For some buyers, the clarity of the broker-fee arrangement is more important than the specific structure. “I'm all about transparency. All I want to know is where the money is going,” Sarnie said. He added that he will negotiate with brokers and insurers directly on those components.
At Global Crossing, two brokers work for the company and both are paid on a fee basis, which Resto said is the “fairest way” to do it. “You certainly don't want to see a broker over-compensated in a hard market when premiums are high,” he said. “At the same time, you don't want them to be under-compensated when the market is soft.”
NATURAL CATASTROPHE STATS
Below are two charts from Munich RE NatCatSERVICE that provide details on the natural catastrophes occurring in the first six months of 2011:
Source: Munich RE NatCatSERVICE.
Webcast panelists also discussed the importance of watching the experiences of other companies to gauge industry-related losses and trends. “Just because a client has not had a loss themselves, it doesn't mean it's not important to understand what their industry sector could be facing as exposure,” Elowe said.

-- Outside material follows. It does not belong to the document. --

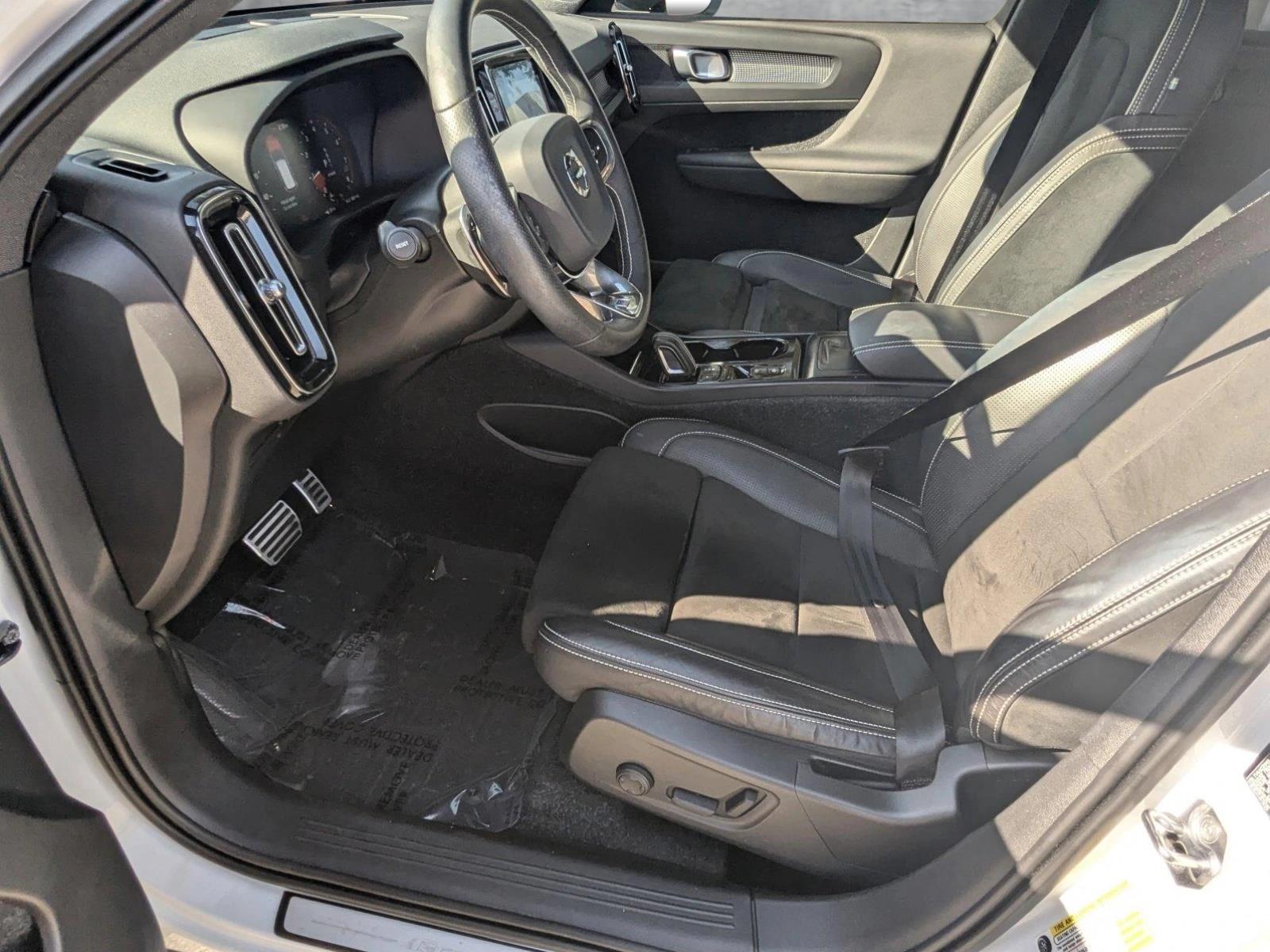 2020 Volvo XC40 Vehicle Photo in Delray Beach, FL 33444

To that end, Resto and Sarnie directly contact risk managers of industry peers that have suffered losses to gain insight on their experiences. “If I can learn from them and apply those strategies within my company, then we all win,” Sarnie said. Analyzing the causes of others' losses also helps to establish a quantitative discussion around the best use of insurance capital and where potential losses may arise, Elowe added.
Risk managers on the Webcast stressed that insurance cost is only one element out of many they consider in factoring their total cost of risk. Both Resto and Sarnie agreed that the environmental, health, and safety functions should report to risk management to capture all the costs associated with risk management effectively.
Those costs, for example, include safety costs associated with loss prevention programs, internal and external administrative costs, workers' compensation, potential legal costs, and more. By not including such risks in the company's overall potential losses, risk managers are “kidding themselves,” if they think they're really getting a total cost of risk, Sarnie said.
For a comprehensive view of a company's risks, risk managers need to escape the mindset that insurance is the only factor in measuring total cost of risk. “It's not just about insurance,” Sarnie stressed. “Break out of that box.”